# Chapter 3: DataFrames, Datasets, and Spark SQL

In this notebook, we will explore the DataFrames and Datasets concepts from Spark, as well as other aspects of the SQL API.

In [1]:
import org.apache.spark.sql.{functions => F}
import org.apache.spark.sql.Row

import org.apache.spark.sql.{functions=>F}


## Basic of Schemas: Creating DataFrames and Datasets

In this section, we will explore how to define an Schema, and how to use it to create DataFames and Datasets

### Creating a DataFrame Specifying the Schema

In [2]:
import org.apache.spark.sql.types.{StructType, StructField, IntegerType, StringType, ArrayType, MapType}
import org.apache.spark.sql.Row

In [3]:
val peopleSchema = new StructType(Array(StructField("id", IntegerType, true),
                                        StructField("name", StringType, true),
                                        StructField("age", IntegerType, true)))

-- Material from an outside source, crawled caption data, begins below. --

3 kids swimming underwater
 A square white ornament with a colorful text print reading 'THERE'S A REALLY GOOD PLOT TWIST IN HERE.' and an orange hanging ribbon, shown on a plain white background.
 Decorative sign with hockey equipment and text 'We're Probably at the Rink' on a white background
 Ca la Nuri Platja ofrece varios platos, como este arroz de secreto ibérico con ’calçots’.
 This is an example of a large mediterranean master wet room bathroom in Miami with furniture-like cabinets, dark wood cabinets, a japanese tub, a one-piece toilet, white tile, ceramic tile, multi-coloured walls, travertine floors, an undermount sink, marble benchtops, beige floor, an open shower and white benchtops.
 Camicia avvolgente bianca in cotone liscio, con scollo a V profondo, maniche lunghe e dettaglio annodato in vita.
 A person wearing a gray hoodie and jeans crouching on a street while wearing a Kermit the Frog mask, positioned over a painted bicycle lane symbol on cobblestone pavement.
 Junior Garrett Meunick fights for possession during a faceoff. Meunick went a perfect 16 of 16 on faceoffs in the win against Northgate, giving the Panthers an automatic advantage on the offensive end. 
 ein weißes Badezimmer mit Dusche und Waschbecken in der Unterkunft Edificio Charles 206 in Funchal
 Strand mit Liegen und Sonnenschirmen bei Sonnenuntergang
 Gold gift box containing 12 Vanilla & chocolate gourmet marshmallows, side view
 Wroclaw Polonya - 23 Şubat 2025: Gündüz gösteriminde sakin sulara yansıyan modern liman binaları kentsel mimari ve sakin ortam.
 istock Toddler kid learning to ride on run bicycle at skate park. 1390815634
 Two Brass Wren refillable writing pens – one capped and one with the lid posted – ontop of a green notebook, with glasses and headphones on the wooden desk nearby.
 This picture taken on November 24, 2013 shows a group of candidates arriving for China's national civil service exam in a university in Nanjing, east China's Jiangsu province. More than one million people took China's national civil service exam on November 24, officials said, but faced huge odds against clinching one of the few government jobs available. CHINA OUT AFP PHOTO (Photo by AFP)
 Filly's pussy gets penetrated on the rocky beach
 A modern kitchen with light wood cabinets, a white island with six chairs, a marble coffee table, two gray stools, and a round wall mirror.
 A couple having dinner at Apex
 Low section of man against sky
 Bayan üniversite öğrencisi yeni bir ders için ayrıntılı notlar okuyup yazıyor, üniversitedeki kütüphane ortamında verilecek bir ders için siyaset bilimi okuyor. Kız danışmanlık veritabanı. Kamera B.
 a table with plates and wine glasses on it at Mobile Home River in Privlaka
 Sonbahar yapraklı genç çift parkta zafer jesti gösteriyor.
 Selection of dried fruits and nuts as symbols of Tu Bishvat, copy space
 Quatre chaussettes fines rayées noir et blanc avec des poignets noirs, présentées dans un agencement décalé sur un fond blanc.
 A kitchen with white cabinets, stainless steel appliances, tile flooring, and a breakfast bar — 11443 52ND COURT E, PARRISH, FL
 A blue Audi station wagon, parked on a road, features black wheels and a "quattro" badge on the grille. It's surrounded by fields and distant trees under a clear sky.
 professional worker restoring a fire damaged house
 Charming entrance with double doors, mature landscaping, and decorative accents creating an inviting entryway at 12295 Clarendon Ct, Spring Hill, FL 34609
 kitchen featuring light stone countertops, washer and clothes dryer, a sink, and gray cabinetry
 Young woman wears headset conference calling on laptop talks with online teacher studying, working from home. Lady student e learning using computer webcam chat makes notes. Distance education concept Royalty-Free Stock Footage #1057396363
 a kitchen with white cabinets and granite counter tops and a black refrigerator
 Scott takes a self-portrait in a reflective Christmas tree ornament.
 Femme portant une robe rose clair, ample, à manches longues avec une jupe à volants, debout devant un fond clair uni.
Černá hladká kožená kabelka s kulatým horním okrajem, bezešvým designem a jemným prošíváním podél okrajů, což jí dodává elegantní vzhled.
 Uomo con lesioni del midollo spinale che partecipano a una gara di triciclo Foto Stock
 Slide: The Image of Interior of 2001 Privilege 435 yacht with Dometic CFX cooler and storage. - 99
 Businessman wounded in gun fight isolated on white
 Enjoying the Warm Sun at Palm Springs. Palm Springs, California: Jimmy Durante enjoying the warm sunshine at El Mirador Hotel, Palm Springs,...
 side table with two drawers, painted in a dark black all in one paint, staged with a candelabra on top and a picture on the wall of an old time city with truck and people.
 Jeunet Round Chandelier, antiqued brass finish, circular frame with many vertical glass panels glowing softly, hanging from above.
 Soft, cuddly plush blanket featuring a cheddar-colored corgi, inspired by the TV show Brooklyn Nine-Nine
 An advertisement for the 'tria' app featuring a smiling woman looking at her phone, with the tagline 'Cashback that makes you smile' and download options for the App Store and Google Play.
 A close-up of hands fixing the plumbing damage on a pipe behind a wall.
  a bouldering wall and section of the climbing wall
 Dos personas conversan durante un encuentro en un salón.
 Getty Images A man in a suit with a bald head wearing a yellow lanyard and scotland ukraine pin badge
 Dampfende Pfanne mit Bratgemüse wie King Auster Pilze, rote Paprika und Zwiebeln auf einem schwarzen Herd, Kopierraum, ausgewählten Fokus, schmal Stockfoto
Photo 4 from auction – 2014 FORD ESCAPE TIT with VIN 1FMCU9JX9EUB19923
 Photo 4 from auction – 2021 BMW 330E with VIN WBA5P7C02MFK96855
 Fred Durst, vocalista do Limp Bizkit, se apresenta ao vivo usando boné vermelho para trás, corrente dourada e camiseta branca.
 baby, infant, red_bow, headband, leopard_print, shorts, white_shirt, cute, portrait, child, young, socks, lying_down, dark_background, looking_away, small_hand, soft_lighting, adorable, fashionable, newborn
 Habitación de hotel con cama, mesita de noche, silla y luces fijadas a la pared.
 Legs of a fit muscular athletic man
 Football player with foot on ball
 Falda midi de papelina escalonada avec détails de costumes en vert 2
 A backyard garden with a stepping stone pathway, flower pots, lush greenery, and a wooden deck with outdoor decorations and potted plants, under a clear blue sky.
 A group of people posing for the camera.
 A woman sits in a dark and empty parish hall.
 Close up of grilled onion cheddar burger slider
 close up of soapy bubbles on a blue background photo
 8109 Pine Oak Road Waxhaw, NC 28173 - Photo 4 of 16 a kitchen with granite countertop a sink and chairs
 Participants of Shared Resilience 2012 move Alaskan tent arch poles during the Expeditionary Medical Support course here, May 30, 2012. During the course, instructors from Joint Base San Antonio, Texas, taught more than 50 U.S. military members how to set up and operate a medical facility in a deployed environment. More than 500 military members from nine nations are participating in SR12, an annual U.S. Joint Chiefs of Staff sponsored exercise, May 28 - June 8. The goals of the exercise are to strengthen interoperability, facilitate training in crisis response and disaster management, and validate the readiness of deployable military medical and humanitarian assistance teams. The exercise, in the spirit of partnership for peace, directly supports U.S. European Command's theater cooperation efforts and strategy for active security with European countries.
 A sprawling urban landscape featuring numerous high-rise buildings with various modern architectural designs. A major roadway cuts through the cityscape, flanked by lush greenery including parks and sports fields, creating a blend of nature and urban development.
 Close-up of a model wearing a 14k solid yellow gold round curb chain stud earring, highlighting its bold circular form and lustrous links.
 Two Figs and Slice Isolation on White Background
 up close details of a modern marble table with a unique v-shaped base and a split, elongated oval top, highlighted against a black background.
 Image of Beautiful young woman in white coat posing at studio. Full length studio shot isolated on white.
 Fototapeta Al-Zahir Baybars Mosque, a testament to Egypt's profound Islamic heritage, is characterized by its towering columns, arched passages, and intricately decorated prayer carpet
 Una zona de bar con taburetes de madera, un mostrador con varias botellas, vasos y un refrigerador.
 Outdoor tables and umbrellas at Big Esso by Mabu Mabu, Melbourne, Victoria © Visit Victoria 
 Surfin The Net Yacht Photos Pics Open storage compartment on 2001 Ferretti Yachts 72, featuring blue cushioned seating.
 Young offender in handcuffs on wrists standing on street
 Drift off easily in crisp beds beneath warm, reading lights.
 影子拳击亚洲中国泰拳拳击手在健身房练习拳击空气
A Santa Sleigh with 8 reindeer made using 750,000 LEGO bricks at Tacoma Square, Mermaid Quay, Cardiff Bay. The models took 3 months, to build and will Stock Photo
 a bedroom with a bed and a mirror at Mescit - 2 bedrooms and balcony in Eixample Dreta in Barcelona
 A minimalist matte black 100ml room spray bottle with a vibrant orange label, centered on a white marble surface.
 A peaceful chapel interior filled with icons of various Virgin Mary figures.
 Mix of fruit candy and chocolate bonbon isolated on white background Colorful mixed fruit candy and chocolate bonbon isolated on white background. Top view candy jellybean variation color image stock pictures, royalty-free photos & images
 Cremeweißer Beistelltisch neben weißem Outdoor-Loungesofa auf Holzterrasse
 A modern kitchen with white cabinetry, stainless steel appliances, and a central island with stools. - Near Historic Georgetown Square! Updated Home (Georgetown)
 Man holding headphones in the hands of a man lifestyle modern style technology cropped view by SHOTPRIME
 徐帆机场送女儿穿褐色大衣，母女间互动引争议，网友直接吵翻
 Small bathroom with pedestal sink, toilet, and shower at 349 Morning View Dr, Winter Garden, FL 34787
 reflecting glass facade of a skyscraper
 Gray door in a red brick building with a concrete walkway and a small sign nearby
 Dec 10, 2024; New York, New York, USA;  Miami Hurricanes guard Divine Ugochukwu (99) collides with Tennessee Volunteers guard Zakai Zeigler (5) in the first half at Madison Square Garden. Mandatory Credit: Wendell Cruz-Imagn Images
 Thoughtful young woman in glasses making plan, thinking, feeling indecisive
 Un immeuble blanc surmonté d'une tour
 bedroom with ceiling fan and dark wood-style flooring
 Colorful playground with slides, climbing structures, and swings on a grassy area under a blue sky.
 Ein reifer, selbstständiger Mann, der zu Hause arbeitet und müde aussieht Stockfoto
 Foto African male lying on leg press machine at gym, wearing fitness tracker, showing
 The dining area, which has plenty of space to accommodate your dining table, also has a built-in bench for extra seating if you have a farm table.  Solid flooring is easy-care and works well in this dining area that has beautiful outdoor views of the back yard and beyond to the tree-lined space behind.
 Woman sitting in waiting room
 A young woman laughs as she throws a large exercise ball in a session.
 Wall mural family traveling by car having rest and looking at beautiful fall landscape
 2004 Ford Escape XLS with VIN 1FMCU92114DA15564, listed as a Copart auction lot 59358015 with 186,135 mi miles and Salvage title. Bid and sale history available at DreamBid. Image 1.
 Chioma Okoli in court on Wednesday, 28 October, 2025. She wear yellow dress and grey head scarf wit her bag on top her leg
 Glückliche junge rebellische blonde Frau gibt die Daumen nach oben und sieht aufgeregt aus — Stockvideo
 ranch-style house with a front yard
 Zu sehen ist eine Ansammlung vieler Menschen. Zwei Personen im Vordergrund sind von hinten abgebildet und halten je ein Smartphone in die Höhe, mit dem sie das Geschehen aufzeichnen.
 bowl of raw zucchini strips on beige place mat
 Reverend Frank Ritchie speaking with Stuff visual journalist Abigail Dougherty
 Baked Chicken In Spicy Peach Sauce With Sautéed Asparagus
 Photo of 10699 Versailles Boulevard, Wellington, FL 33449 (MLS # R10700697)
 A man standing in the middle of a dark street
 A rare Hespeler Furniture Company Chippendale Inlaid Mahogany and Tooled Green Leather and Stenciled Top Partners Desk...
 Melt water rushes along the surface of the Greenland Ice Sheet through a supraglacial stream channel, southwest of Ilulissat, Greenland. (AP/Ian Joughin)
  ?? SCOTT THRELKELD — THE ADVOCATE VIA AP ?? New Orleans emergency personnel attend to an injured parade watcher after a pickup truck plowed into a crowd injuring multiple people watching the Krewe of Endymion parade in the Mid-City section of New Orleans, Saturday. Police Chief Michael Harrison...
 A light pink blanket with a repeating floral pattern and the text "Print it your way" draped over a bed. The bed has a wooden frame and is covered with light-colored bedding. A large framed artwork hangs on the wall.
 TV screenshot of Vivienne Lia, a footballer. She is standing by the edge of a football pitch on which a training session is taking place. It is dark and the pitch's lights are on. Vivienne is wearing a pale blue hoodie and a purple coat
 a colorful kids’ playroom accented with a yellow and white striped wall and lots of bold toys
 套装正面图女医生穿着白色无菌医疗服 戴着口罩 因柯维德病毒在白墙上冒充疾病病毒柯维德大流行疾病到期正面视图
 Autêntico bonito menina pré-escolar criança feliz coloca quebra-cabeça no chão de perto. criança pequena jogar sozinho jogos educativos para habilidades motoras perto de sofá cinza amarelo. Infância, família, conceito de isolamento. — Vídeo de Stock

peopleSchema = StructType(StructField(id,IntegerType,true), StructField(name,StringType,true), StructField(age,IntegerType,true))


StructType(StructField(id,IntegerType,true), StructField(name,StringType,true), StructField(age,IntegerType,true))

In [4]:
val peopleData = sc.parallelize(Array((1,"John", 23), 
                                      (2,"Maria", 23), 
                                      (3,"Isabella", 25),
                                      (4,"Abe", 25),
                                      (5,"Connor", 47),
                                      (6,"Daniel", 19))).map(x => Row.fromTuple(x))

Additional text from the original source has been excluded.